> [Problem description] From the listing below, give again exactly the lines from the line with "Way of the Kingdom Part 2" to the line with "Book Cover for", ends included, without any pictures.
------------------------
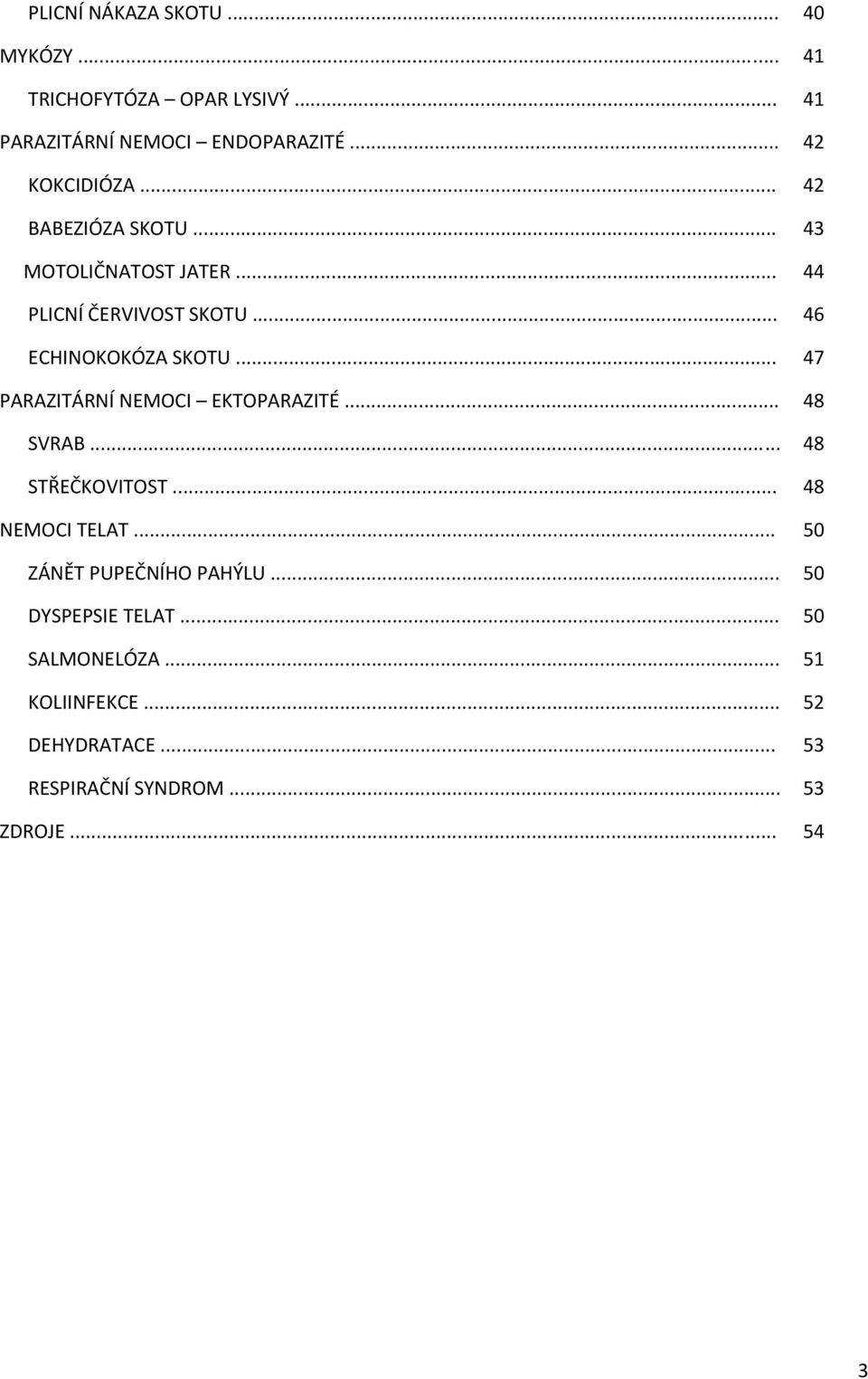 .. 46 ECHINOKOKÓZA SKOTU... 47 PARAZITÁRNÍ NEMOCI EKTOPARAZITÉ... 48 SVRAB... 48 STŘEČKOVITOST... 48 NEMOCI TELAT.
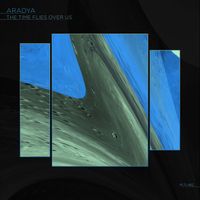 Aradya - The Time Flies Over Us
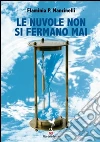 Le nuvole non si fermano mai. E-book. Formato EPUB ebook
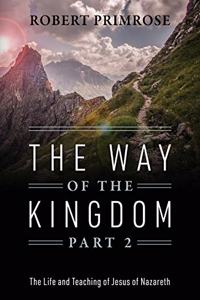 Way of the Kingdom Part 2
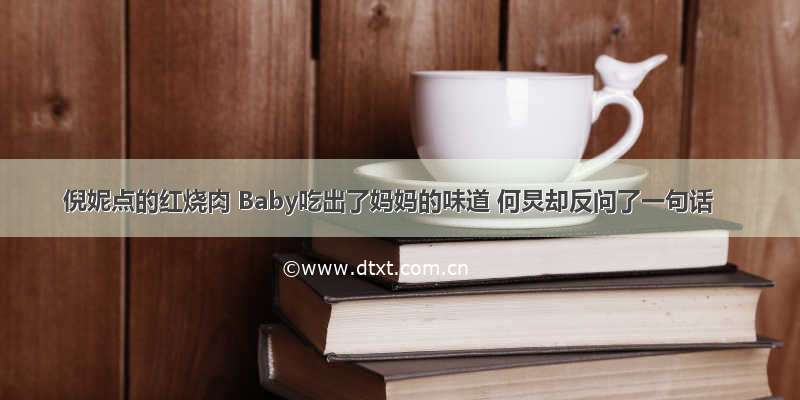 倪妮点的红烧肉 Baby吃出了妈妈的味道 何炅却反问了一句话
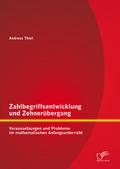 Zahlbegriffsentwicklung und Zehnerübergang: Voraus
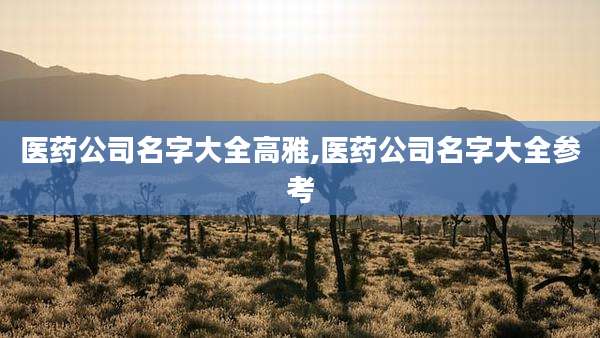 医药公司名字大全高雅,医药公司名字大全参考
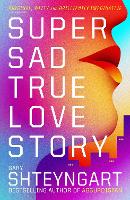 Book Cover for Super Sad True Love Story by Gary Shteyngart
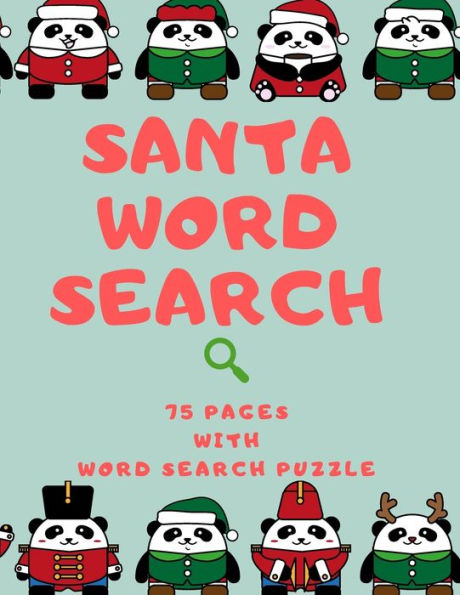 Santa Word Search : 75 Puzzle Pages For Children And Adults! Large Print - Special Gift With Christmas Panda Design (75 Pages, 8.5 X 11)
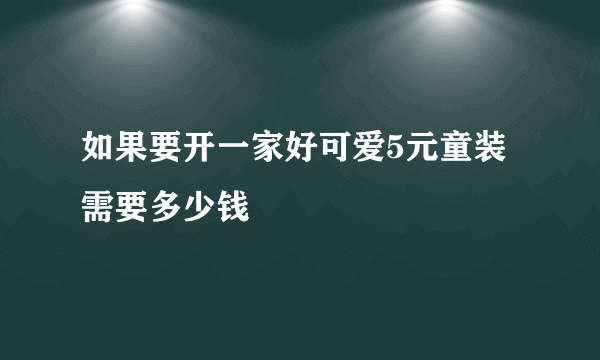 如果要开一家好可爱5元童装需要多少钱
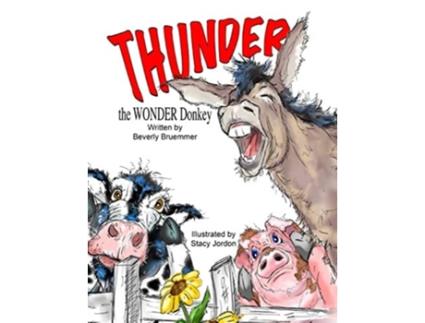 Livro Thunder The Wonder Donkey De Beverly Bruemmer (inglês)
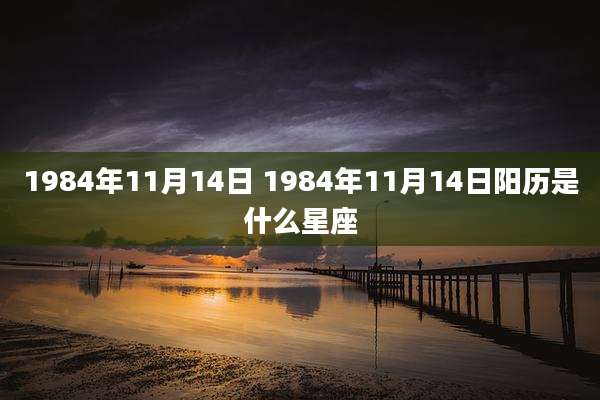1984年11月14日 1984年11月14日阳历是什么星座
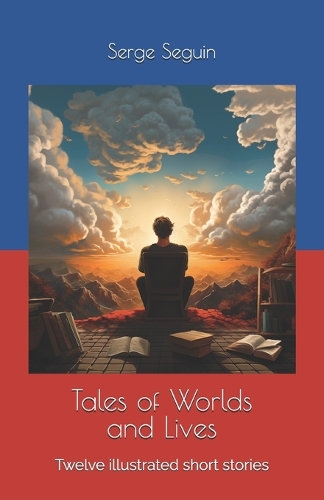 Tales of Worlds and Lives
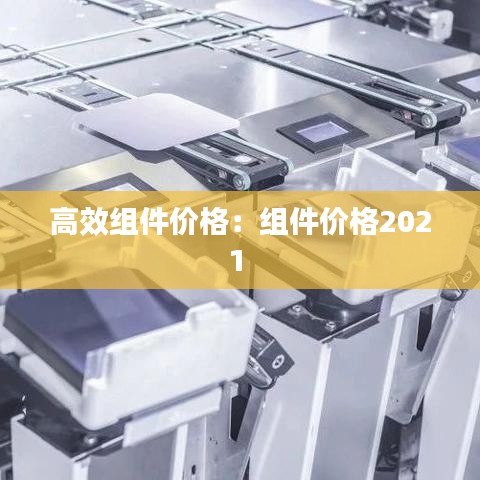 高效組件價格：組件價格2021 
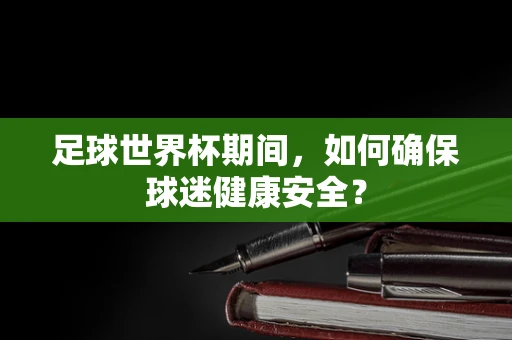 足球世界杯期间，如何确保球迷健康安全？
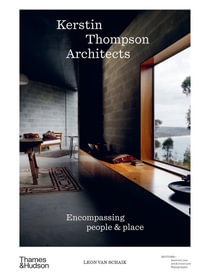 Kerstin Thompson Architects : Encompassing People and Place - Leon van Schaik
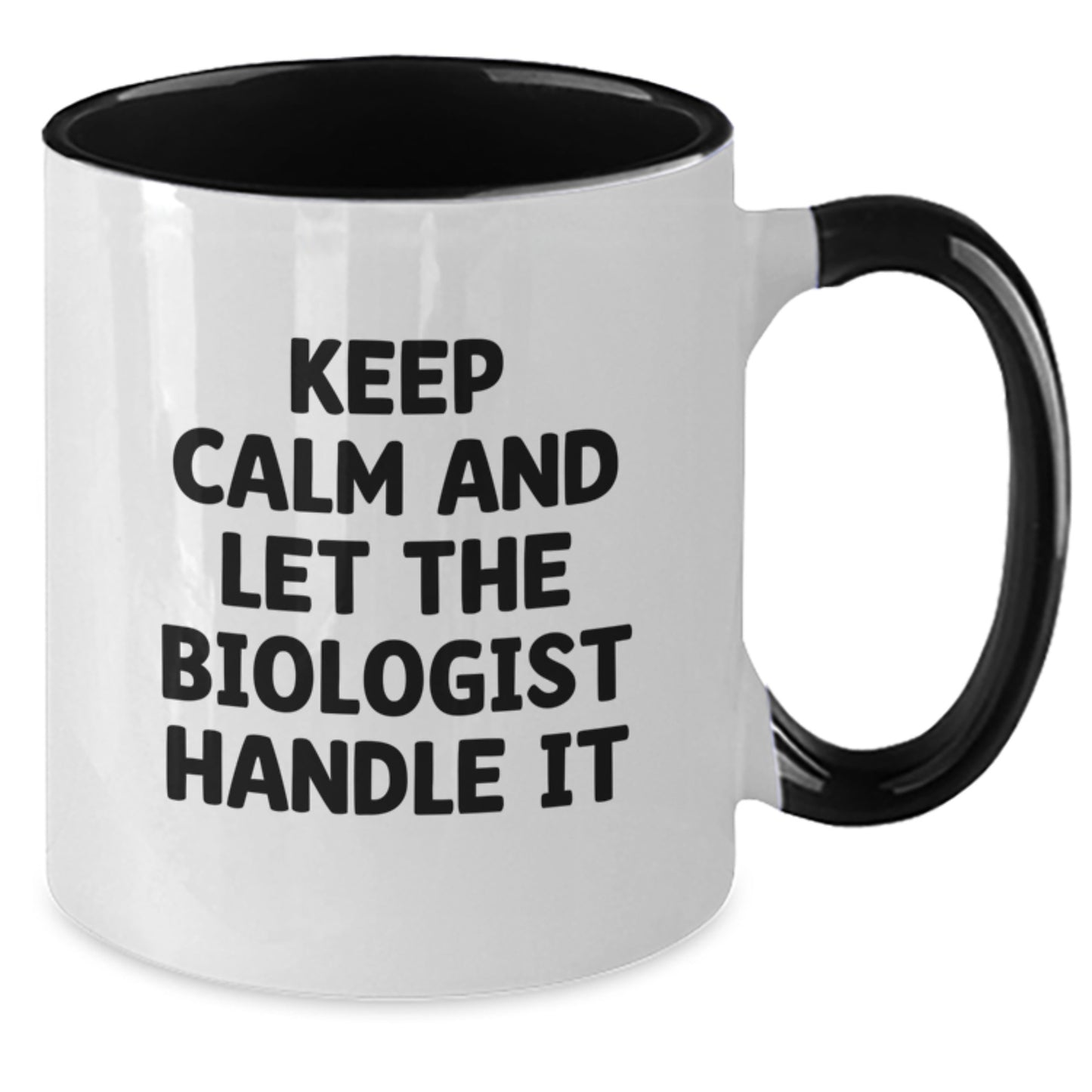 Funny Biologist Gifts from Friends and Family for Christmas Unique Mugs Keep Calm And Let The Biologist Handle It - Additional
------------------------
> [Expected output]
 Way of the Kingdom Part 2
 倪妮点的红烧肉 Baby吃出了妈妈的味道 何炅却反问了一句话
 Zahlbegriffsentwicklung und Zehnerübergang: Voraus
 医药公司名字大全高雅,医药公司名字大全参考
 Book Cover for Super Sad True Love Story by Gary Shteyngart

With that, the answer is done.